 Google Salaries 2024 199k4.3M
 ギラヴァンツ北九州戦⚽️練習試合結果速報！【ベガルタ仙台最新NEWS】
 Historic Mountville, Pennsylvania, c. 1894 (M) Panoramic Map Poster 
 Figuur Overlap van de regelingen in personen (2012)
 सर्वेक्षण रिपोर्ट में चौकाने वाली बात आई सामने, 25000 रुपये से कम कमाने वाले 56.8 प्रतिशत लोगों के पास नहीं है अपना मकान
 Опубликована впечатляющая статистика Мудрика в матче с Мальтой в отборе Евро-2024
---*---
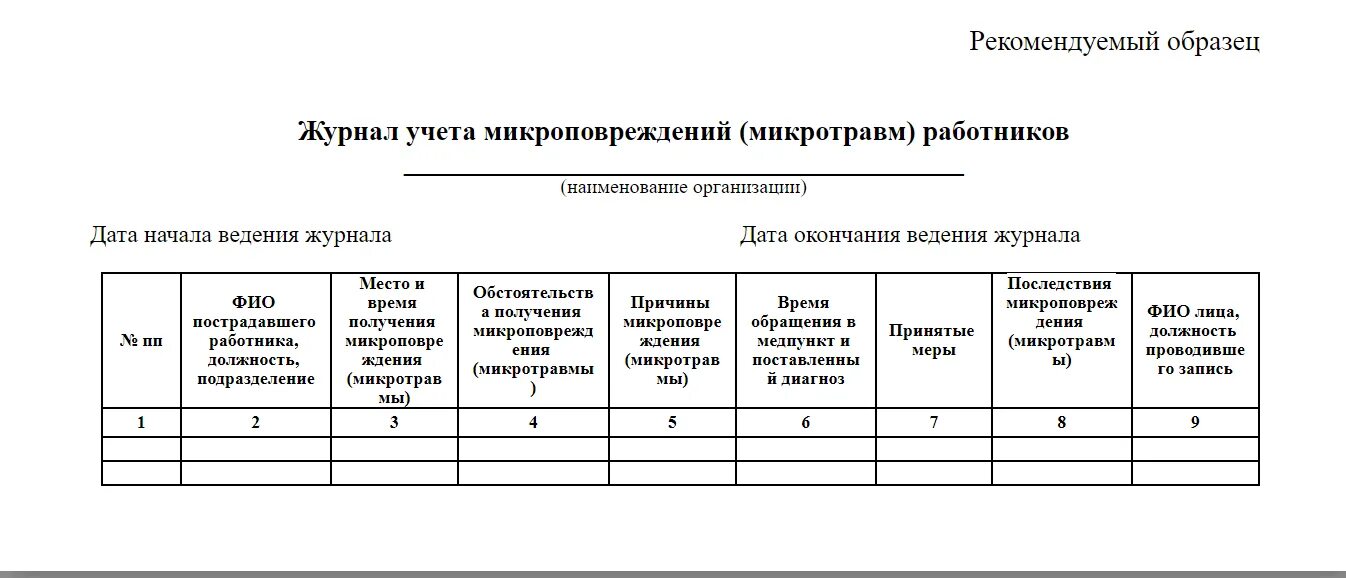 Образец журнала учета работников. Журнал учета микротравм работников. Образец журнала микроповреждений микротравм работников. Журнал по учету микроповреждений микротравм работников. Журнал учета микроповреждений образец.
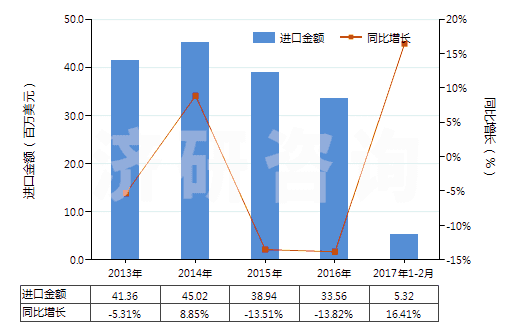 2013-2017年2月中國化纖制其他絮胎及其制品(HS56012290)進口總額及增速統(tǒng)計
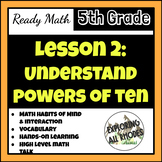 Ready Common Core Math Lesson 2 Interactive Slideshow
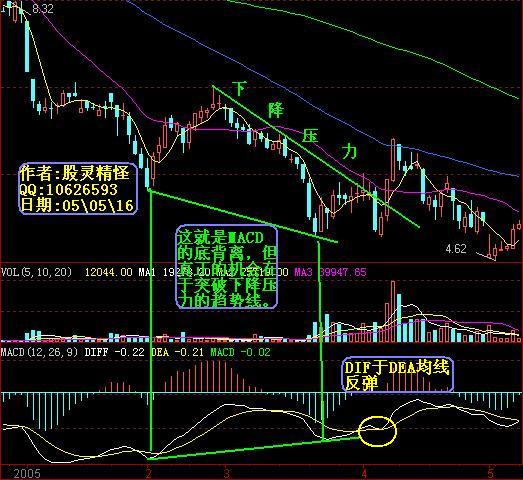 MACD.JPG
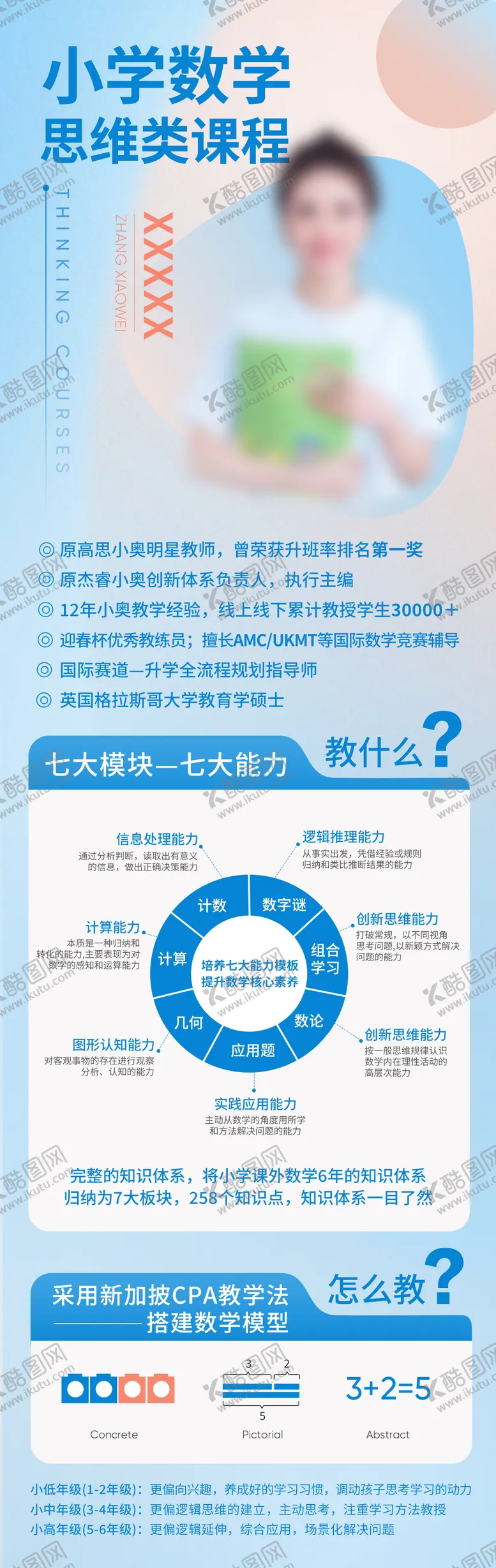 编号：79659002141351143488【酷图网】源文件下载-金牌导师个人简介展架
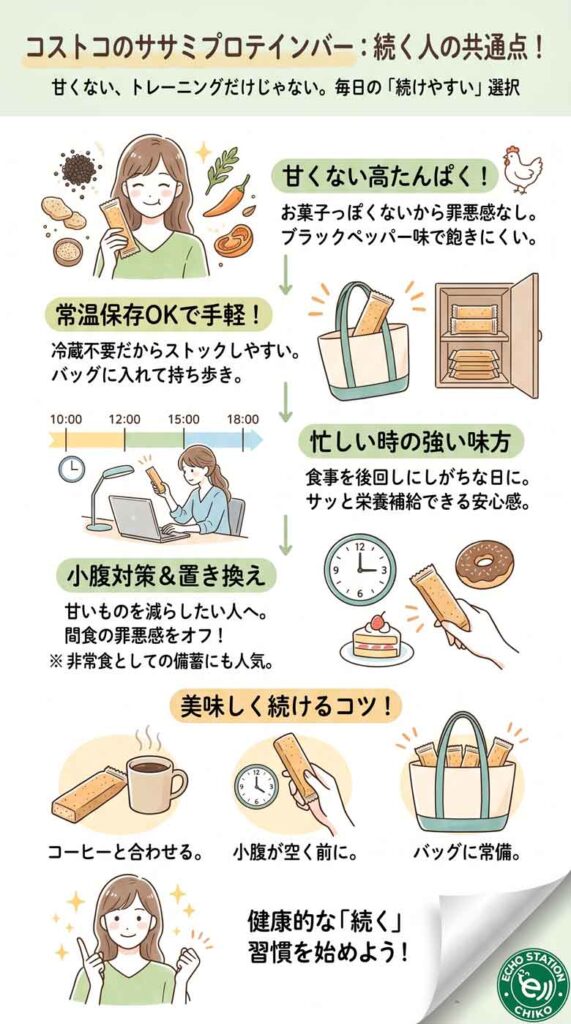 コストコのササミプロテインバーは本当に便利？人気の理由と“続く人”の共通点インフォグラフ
---*---
▸ **Problem statement**: Copy out only the lines above from the one with "Google Salaries 2024 199k4.3M" to the one with "Figuur Overlap van", inclusive, exactly as they stand.

▸ **Expected answer**:
 Google Salaries 2024 199k4.3M
 ギラヴァンツ北九州戦⚽️練習試合結果速報！【ベガルタ仙台最新NEWS】
 Historic Mountville, Pennsylvania, c. 1894 (M) Panoramic Map Poster 
 Figuur Overlap van de regelingen in personen (2012)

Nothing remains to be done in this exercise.